--- LISTED RECORDS ---

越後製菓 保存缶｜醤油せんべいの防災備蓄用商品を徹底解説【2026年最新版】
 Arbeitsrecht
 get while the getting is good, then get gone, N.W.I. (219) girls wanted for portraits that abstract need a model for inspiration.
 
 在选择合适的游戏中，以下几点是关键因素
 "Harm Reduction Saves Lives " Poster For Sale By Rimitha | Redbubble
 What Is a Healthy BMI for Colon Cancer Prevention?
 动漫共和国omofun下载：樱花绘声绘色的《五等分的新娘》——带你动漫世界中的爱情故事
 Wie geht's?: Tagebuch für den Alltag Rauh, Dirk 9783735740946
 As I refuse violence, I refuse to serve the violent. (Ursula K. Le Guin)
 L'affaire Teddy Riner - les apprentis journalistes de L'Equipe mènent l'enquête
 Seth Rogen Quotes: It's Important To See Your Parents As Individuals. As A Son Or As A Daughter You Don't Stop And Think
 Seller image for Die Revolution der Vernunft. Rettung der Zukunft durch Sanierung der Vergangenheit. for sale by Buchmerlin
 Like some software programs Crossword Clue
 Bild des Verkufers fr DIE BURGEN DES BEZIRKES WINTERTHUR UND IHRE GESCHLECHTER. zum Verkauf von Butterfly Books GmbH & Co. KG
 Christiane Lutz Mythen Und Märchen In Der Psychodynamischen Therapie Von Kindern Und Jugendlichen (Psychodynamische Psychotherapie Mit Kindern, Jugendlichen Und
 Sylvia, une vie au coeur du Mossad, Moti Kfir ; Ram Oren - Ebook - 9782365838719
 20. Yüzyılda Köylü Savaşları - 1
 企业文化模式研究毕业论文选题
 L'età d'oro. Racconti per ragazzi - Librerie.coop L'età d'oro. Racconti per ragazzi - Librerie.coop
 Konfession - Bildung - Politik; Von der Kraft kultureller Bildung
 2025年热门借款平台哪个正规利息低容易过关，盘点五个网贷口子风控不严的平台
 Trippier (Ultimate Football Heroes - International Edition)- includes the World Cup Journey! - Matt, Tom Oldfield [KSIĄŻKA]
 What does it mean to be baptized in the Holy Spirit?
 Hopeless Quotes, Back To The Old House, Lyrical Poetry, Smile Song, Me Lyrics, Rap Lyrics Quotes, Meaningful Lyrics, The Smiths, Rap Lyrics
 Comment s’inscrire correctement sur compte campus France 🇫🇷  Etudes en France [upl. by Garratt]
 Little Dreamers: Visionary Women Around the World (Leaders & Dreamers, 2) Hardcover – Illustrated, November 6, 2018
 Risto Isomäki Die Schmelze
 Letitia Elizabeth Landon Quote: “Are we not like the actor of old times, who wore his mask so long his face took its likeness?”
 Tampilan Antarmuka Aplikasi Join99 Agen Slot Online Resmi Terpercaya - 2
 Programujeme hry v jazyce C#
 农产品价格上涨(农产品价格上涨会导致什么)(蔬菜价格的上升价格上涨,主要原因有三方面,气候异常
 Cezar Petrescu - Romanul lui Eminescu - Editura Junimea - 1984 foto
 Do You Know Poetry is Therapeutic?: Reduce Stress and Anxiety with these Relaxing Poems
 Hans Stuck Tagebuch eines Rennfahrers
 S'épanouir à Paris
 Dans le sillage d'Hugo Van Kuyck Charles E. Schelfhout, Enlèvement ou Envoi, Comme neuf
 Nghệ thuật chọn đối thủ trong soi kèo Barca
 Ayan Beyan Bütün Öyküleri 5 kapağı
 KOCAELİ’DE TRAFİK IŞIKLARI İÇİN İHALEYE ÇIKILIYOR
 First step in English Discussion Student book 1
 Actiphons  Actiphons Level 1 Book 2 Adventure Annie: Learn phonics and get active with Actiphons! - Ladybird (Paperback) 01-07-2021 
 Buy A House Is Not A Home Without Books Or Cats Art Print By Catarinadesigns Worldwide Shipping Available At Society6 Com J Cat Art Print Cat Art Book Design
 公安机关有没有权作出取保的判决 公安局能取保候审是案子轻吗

--- WHAT YOU WILL DO ---
The line with "As I refuse" is the last to include; transcribe exactly every line from the top of the material above down to it.

--- EXERCISE RESPONSE ---
越後製菓 保存缶｜醤油せんべいの防災備蓄用商品を徹底解説【2026年最新版】
 Arbeitsrecht
 get while the getting is good, then get gone, N.W.I. (219) girls wanted for portraits that abstract need a model for inspiration.
 
 在选择合适的游戏中，以下几点是关键因素
 "Harm Reduction Saves Lives " Poster For Sale By Rimitha | Redbubble
 What Is a Healthy BMI for Colon Cancer Prevention?
 动漫共和国omofun下载：樱花绘声绘色的《五等分的新娘》——带你动漫世界中的爱情故事
 Wie geht's?: Tagebuch für den Alltag Rauh, Dirk 9783735740946
 As I refuse violence, I refuse to serve the violent. (Ursula K. Le Guin)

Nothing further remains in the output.